Differentiated Storage Services(差异化存储服务)

原文地址

  • Main idea

文章提出一个分类结构减少计算机系统和存储系统的日益扩大的语义差距。(我的理解文章做的工作就是将文件分级,按等级进行缓存提高效率)

We propose an I/O classification architecture to close the widening semantic gap between computer systems and storage systems.

 

  • 实验用例(Workload)

Filesystem prototypes and a database proof-of-concept that classify all disk I/O—with very little modification to the filesystem, database, and operation system.

 

  • 存在问题(Problems)

Block-based storage interface makes it difficult for computer systems to optimize for increasingly complex storage storage system internals, and storage systems do not have the semantic information to optimize independently. 块设备较稳定,但是问题就是带来存储没有上层语义信息进行存储优化。

 

  • 现有的解决方法(existing solutions)
    1. obtain more knowledge of storage system internals and use this information to guide block allocation. 计算机系统获取更多存储系统信息
    2. discover more about on-disk data structures and optimize I/O accesses to these structures. 对磁盘上不同数据结构进行I/O 优化
    3. I/O interface can evolve and become more expressive; object-based storage(天啊,我想到了老板) and type-safe disks fall into this category 增强型I/O 接口

这些解决方法也对应的遇到问题:1.计算机很难稳定地获得存储系统的内部信息;2.增加了计算机系统复杂度;3.受到块设备的限制。

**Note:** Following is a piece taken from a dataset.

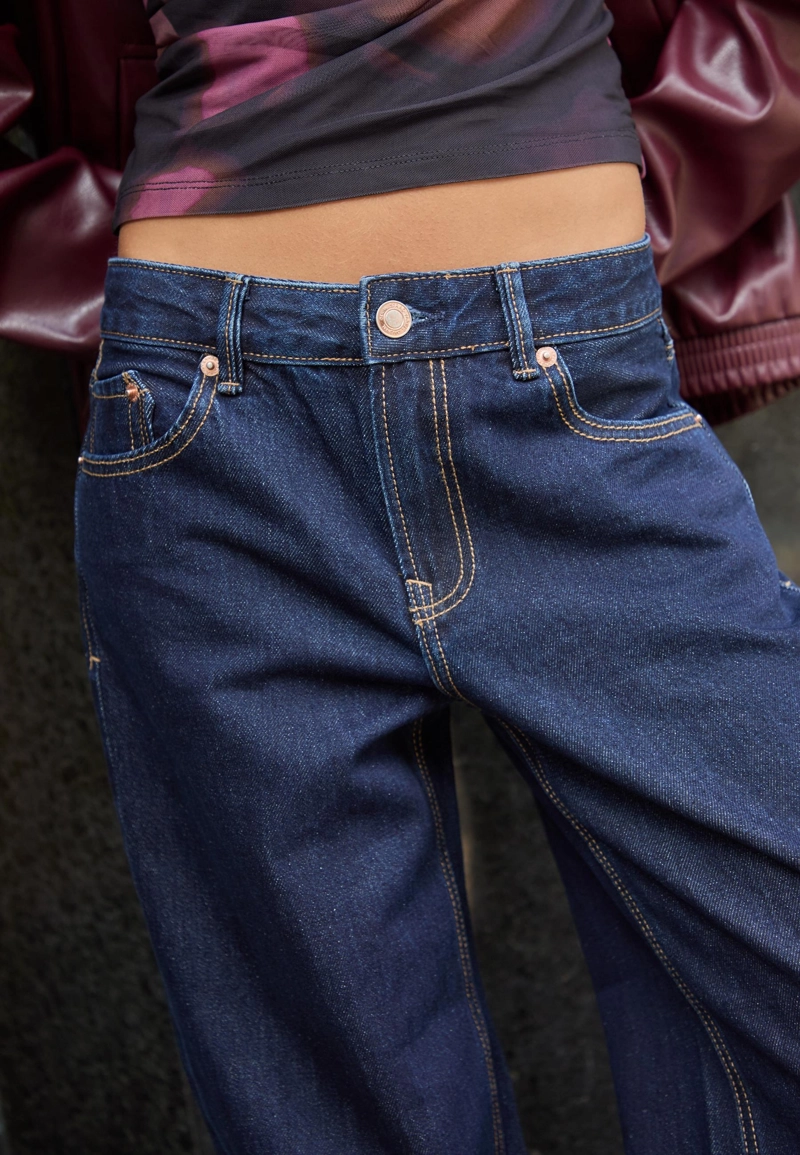 Джинсы D91 с низкой посадкой и широкими штанинами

另外还提到的一个解决方法也是我在之前考虑过的:通过预测模型加上预取提高I/O 性能,但这样不仅预测模型很难获取,而且很可能适得其反。

 

  • 文中提出的解决方法(solution provided by the paper)

We modify the OS block layer so that every I/O request carries a classifier. In this way, a storage system can provide block-level differentiated services—and do so on a class-by-class basis.

 

  • OS/FS/APP requirements(操作系统、文件系统、应用需求)
    1. In UNIX and Windows, we add a classification field to the OS data structure for block I/O (the Linux “BIO” and the Windows “IRP”) and we copy this field into the actual I/O command (SCSI or ATA)before it is sent to the storage system.
    2. FS have a classification scheme fot its I/O and assigns a policy to each class.
    3. Differentiated Storage services is a stateless protocol  ……(有点不懂既然每次读写都带了classificator,和存储设备就应该没有关系了,难道是因为分类在实现上是写到了不同存储介质,期望以后block 位置都不改变了,而其他情况可能改变block 的分配?)
    4. 在读写的时候添加分类符:classificator
  • Classifications(分类)

Class ID 从1-18,0 分别对应的是Ext3 superblock,group descriptor,bitmap,inode,directoryentry,journal entry,File<=4KB,File<=16KB ……File>1GB,unclassified 19个类,对应的优先级是0,0,0,0,0,0,0,1到12(0 最高)。

 

  • Evaluation(实验评估)

Workload: fileserver(文件服务器)、e-mail server(邮件服务器)and PostgreSQL database

Method: in-house, file-based workload generator for file and e-mail server workloads. Record the number of files written/read per second. Compare the performance of three storage configurations: no SSD cache, an LRU cache, and an enhanced LRU cache(LRU-S) that uses selective allocation and selective eviction.

Result: LRU-S caches much more smile file and metadata, so all results accord with it.

 

文章提出了减少存储系统和计算机系统语义差距的一个方法,即在读写时添加标识符,对操作的文件根据其属性进行分级,提高系统性能,但缺点也是显而易见的,需要对从应用程序,操作系统,存储系统甚至存储设备进行修改,虽然文章强调对每个部分的修改都是很少的;其次测试中选了了10GB SSD 进行缓存,更多容量的缓存得出怎么的结果并没有给出,能不能适用于现在的缓存还很难说,对于像momentus MX 这样的混合硬盘可能比较合适;最后不管怎么说,文章给块设备(或者说文件)添加了一个属性,不也就是对象的思想么?既然块设备转变为面向对象的存储有难度,可以像本文所提到的做一个简单的对象存储,这或许是个好的思路。